Chinese_tense_data.txt (UTF-8 encoding) contains the dataset used in our paper, containing 294 conversations collected from 25 Chinese movies, dramas and TV shows. Each conversation contains 2-18 sentences and there are 1,857 sentences in total.

In Chinese_tense_data.txt, each line is a sentence in a conversation. For a sentence that has predicates, we annotate the main predicate for each sentence in the form of #predicate#. The annotated information is at the beginning of a line in the form of <x,y>.

x represents the speaker of a sentence. We use a,b,c,d,e… to distinguish different speakers in a conversation.

y is the manually labeled tense of the main predicate of a sentence. It can be {p,c,f,i,none}.

p denotes the past tense;
c denotes the present tense;
f denotes the future tense;
i denotes that the sentence is an imperative sentence.
none means that the sentence does not have a predicate and it is unnecessary to label tense for this sentence.

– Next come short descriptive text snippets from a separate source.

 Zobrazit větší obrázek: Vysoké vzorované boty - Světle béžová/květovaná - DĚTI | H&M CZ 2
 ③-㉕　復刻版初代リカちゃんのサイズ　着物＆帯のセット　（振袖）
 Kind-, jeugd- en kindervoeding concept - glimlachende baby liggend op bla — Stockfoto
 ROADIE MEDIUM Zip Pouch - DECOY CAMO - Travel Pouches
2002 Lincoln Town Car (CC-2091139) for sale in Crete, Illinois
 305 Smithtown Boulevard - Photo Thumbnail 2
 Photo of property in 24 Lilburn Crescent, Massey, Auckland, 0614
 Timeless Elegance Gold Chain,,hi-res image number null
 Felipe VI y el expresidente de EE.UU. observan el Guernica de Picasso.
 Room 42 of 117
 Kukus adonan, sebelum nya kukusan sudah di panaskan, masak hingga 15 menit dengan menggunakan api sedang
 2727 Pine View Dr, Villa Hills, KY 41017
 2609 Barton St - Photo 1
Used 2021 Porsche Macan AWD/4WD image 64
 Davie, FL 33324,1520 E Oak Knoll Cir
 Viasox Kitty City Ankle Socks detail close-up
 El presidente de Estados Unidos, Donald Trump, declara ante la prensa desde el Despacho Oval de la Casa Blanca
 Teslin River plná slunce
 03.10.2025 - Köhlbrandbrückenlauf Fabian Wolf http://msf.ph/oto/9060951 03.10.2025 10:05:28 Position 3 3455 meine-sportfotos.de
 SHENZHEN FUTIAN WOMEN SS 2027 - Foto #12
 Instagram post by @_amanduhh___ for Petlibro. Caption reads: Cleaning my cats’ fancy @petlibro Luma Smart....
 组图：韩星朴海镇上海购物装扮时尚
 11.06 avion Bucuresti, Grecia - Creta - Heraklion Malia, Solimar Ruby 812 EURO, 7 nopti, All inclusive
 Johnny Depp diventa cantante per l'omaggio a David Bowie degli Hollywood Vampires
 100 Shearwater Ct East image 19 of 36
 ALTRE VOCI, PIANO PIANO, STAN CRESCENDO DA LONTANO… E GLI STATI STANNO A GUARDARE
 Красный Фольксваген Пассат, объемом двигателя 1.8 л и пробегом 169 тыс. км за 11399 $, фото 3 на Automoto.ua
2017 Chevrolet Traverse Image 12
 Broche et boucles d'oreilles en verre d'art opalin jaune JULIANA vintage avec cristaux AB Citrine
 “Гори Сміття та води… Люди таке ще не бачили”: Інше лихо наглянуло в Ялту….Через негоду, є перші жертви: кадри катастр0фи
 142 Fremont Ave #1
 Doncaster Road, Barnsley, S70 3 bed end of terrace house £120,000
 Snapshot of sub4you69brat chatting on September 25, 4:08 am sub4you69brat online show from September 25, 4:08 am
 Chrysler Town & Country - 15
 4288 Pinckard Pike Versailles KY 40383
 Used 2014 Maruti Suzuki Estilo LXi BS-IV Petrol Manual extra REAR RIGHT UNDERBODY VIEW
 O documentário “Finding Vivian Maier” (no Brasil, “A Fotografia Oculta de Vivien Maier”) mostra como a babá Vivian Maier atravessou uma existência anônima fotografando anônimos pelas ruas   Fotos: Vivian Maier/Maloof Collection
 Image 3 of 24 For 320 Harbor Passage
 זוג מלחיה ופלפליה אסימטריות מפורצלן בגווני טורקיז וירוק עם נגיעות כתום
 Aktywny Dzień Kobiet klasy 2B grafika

In our paper, we mainly focus on {p,c,f} tense system and do not consider imperative sentence identification. In evaluation, we only consider prediction for sentences with p, c or f label.

To refer to this dataset, please cite the following paper:
Tao Ge, Heng Ji, Baobao Chang, Zhifang Sui: One Tense per Scene: Predicting Tense in Chinese Conversations. In Proceedings of ACL-IJCNLP 2015.